Михаил Немцев

От счастья к радости -2



Когда кончился прошлый век, уже не было новостью такое время, когда ничего сверхнеобычного не может происходить с людьми. Только обычное. Во-первых, судеб мира ты не поменяешь. Во-вторых, даже став невесть кем, всё равно останешься одним из многих — а издержки за радость увидеть толпы юных подражателей такие, что может, лучше и не пытаться. Как говорили герои Коупленда, прощаясь с юностью наивной, «Шварцнеггером я не стану». Дело не только в том, что не просто это, а в том, что незачем. Видел же самого себя «там» уже на подвижной картинке. Зачем этому свету второй Шварцнеггер, третий… В-третьих, заведомо известно, что туда — не пустят. Захочешь сделать сказку былью — придётся кого-то потеснить. А вот не полезешь никуда, в общем, особо никто тебя не тронет. Ну, можешь попробовать взять высоту, если хочешь, если тебя прикалывают такие достижения. В-чётвёртых…
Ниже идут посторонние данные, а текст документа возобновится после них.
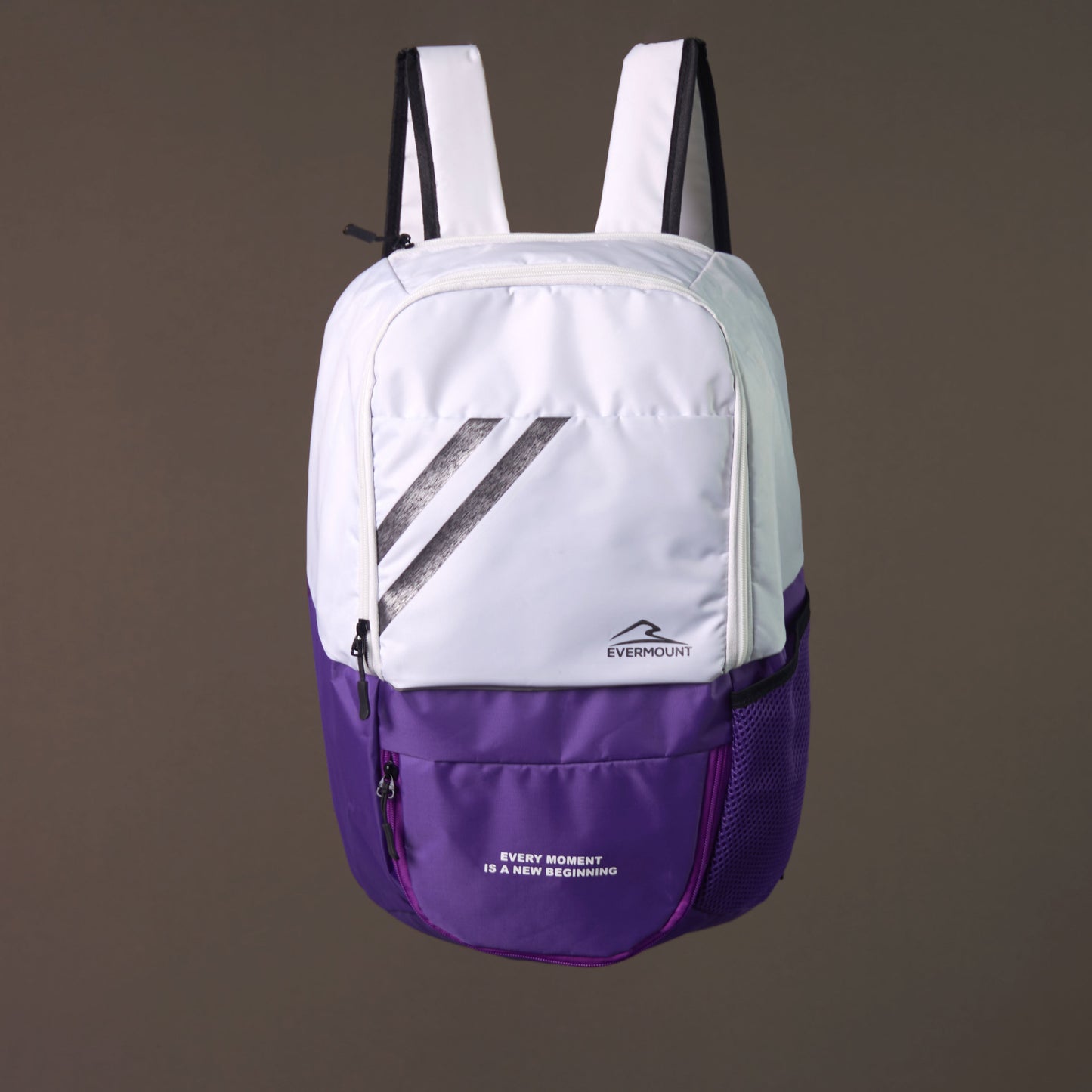 Two Toned Backpack (White x Purple)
Есть какое-то «в-четвёртых», которое не выскажешь. Что-то такое в нём есть/просверкивает — вроде такого мгновения, когда один из немногих абсолютно искренних жестов людей, которых долго-долго везли, в уютном, но тесном автобусе, гид мурлыкал в микрофон про невероятный город над великим озером, и потом взбирались ещё по серпантину, надоедала музыка, взобрались – и оба-на, вывели на вожделенный суперобрыв, и там впереди и чуть внизу – и правда, город… и озеро, да, озеро, и это – всё? И ради этого стоило?
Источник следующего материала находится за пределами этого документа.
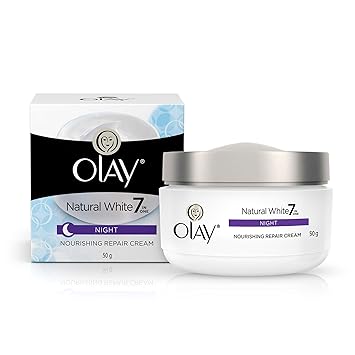 olay natural white night cream sachet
Так вот живи-не живи уютно и определённо, а остаётся какое-то «в-четвёртых»: и это всё? Зачем билеты-то покупали? Это вот — и есть жизнь? А простите, ничего не забыли? Может, до того города ещё не доехали, а это просто недоразумение какое-то, гид ошибся и т.п.?
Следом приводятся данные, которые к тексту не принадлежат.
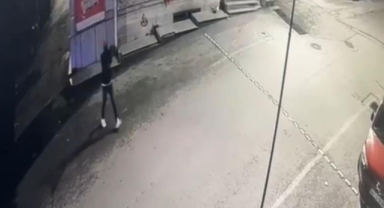 İş yerine kurşun yağdıran şüpheli kameraya yakalandı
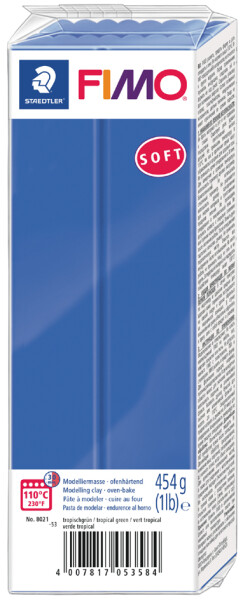 FIMO SOFT Modelliermasse, ofenhärtend, brilliantblau, 454 g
Недаром появилось «счастье», и общераспространённая любовь к нему. Счастье говорит: да, это — всё. Ну, что ты, не волнуйся. Смотри, как красиво-то кругом. Мир прекрасен, птички поют, горы вдали — точно такие, как были на картинке, даже лучше!

Когда, где, на каком базаре залезло «счастье» в головы этих людей? Я уж не буду вспоминать тут — нет, буду — особую эстетическую форму, в которой счастье у себя дома, через которую оно передаётся и которая под неё была порождена/вылеплена — китч. Китч, как заметил Кундера, это не когда ты счастлив, а когда ты счастлив вместе со всеми. Или все вместе с тобой, и не важно — кто к кому присоединился или припал. Счастье быть вместе. В прекрасном таком мире.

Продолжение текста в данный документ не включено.